• _PROBLEM DETAILS_
Quote exactly the lines from the start of the entries to the one with "Buchstaben Schlüsselanhänger aus", both ends included.

■ ■ ■ ■ ■ ■ ■

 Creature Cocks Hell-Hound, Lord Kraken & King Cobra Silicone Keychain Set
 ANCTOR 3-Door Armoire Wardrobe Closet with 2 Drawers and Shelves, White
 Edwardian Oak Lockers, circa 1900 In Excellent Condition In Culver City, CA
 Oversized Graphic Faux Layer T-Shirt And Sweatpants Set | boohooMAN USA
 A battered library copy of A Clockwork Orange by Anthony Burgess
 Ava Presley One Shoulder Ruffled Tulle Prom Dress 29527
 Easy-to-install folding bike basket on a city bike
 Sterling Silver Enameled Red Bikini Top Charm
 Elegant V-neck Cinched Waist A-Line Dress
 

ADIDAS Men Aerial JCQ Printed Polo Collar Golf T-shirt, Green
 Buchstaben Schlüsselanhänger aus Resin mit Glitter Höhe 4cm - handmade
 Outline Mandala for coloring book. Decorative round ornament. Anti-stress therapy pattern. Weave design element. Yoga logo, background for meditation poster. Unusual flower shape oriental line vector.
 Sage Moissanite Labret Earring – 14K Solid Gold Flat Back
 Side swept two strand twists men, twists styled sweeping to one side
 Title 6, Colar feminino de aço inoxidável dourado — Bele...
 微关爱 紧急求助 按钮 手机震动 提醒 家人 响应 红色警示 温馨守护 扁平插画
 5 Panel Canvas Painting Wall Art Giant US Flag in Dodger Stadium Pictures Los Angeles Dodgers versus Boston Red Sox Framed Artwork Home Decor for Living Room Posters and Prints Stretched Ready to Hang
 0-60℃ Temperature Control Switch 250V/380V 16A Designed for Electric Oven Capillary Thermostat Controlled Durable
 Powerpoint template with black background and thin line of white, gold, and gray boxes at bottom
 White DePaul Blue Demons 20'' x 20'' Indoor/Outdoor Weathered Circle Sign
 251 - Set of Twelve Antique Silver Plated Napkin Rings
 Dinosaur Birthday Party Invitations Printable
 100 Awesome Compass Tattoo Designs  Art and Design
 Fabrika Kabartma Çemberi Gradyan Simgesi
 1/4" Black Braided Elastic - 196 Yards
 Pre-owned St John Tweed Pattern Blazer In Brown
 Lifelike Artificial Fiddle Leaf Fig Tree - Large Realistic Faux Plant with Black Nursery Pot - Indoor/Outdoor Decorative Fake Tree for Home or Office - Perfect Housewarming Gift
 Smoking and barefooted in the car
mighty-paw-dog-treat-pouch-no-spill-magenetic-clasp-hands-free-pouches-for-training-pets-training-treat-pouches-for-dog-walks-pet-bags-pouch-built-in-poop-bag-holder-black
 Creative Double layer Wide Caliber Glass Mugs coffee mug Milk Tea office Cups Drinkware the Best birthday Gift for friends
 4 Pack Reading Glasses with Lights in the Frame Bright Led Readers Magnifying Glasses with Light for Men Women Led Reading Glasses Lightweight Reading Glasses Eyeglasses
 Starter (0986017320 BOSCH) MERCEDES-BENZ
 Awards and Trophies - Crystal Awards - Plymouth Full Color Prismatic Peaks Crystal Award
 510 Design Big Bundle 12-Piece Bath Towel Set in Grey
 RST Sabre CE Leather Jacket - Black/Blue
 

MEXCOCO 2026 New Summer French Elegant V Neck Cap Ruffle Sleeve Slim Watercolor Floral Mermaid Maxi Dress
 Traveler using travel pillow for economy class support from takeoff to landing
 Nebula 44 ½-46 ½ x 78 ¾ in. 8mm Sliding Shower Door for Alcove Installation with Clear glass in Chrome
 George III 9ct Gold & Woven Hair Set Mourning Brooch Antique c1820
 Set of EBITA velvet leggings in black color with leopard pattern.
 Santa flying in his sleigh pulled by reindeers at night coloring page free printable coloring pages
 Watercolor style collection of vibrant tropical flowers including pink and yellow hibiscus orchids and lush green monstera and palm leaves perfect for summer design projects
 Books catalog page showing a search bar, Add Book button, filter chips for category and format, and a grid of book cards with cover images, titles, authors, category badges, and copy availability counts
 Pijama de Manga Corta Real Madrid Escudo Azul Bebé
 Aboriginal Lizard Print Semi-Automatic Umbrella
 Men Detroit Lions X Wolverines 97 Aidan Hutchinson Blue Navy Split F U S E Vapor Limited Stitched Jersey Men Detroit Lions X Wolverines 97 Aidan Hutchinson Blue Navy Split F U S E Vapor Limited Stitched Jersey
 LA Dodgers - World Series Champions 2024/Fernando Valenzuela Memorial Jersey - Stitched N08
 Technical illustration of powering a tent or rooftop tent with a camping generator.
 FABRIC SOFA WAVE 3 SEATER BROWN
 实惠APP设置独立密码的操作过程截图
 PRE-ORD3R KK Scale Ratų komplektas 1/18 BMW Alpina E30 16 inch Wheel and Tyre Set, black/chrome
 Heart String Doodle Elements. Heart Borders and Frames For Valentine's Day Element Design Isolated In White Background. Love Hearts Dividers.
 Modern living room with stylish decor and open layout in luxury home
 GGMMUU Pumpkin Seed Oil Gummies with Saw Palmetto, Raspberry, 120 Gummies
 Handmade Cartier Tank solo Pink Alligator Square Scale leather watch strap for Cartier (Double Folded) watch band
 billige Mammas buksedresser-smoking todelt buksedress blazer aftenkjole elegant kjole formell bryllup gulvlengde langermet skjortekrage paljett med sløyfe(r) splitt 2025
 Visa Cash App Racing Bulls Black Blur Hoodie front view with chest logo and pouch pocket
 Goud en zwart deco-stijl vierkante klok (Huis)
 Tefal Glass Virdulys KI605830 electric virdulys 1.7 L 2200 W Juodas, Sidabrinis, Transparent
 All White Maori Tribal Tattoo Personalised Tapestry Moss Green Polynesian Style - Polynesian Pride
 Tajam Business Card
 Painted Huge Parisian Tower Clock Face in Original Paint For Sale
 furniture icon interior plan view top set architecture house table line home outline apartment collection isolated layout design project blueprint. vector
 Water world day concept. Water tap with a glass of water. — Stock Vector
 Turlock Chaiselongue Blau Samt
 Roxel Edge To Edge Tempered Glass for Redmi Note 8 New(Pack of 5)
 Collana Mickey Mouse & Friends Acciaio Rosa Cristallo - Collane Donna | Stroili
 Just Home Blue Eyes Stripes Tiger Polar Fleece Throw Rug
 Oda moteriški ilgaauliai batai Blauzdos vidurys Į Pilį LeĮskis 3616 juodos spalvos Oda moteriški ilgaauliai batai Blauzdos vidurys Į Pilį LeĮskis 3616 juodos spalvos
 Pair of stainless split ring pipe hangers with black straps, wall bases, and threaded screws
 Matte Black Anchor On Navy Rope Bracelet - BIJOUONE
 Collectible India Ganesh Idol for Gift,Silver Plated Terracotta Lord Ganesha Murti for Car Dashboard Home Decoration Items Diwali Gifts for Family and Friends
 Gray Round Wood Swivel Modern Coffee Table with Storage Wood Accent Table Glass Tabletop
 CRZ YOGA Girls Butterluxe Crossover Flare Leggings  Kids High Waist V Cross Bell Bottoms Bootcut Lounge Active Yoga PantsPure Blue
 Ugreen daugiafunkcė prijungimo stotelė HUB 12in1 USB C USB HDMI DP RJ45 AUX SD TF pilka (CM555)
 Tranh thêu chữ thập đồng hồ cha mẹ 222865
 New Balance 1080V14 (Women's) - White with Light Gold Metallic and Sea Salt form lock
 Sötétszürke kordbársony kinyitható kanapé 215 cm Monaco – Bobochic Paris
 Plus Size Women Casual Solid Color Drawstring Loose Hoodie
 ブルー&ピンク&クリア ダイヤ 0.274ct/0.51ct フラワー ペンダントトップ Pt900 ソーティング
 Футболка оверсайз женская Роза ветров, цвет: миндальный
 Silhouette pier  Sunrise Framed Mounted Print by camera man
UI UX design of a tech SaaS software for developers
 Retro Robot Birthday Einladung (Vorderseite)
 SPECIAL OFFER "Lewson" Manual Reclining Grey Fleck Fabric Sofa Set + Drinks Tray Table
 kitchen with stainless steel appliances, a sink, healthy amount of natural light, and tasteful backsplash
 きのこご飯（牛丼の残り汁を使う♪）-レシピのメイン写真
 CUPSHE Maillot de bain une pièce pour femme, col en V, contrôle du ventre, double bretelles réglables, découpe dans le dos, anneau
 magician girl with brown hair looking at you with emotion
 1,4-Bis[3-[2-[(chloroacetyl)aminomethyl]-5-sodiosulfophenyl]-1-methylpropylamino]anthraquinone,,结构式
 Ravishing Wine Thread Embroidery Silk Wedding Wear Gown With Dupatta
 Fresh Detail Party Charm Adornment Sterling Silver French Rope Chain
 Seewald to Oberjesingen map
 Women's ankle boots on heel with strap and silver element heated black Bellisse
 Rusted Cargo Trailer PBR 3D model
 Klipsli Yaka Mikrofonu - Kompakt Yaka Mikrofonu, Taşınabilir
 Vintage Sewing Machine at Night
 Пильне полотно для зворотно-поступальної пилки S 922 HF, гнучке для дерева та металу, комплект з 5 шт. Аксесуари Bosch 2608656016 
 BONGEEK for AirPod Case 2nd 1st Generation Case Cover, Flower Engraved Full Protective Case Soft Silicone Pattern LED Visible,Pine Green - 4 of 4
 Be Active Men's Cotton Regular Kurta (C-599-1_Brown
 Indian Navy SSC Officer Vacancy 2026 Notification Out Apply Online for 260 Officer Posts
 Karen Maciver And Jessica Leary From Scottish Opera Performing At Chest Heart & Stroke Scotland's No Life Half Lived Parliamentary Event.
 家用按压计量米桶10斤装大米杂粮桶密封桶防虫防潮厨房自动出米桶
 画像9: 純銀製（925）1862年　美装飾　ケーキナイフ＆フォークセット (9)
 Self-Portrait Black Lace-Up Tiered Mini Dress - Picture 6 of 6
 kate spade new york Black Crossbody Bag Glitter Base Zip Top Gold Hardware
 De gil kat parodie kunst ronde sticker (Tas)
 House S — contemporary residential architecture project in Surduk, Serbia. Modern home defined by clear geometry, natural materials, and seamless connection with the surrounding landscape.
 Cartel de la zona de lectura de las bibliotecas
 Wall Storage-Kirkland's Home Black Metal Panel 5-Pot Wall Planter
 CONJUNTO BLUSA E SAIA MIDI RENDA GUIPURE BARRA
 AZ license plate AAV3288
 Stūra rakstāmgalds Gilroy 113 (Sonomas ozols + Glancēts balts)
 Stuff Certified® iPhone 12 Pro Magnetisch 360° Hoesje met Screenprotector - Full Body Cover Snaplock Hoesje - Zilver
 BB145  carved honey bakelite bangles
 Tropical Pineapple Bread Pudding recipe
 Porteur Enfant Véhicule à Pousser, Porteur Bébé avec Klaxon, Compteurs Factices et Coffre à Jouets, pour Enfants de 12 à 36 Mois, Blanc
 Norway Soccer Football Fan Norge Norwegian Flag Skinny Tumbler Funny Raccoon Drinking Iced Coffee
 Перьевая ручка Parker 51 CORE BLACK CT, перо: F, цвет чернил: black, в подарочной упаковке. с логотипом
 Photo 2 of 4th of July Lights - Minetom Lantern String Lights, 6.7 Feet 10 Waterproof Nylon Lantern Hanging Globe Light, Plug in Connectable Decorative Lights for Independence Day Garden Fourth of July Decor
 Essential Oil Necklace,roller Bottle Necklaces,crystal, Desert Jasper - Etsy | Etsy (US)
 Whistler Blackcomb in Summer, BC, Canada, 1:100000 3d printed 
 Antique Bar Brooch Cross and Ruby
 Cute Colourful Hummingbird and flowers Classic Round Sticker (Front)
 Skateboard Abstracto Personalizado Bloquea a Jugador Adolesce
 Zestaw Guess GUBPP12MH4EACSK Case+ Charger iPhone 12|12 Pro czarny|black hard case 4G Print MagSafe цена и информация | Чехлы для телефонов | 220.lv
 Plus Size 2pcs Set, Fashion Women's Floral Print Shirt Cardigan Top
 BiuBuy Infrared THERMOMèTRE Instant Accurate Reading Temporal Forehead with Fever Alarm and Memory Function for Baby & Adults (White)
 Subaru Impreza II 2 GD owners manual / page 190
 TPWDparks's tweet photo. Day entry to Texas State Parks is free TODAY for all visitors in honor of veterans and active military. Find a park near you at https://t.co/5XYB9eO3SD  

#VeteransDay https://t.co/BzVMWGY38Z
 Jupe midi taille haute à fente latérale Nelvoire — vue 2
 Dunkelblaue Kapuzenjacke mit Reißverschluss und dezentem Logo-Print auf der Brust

■ ■ ■ ■ ■ ■ ■

• _OUTPUT_
 Creature Cocks Hell-Hound, Lord Kraken & King Cobra Silicone Keychain Set
 ANCTOR 3-Door Armoire Wardrobe Closet with 2 Drawers and Shelves, White
 Edwardian Oak Lockers, circa 1900 In Excellent Condition In Culver City, CA
 Oversized Graphic Faux Layer T-Shirt And Sweatpants Set | boohooMAN USA
 A battered library copy of A Clockwork Orange by Anthony Burgess
 Ava Presley One Shoulder Ruffled Tulle Prom Dress 29527
 Easy-to-install folding bike basket on a city bike
 Sterling Silver Enameled Red Bikini Top Charm
 Elegant V-neck Cinched Waist A-Line Dress
 

ADIDAS Men Aerial JCQ Printed Polo Collar Golf T-shirt, Green
 Buchstaben Schlüsselanhänger aus Resin mit Glitter Höhe 4cm - handmade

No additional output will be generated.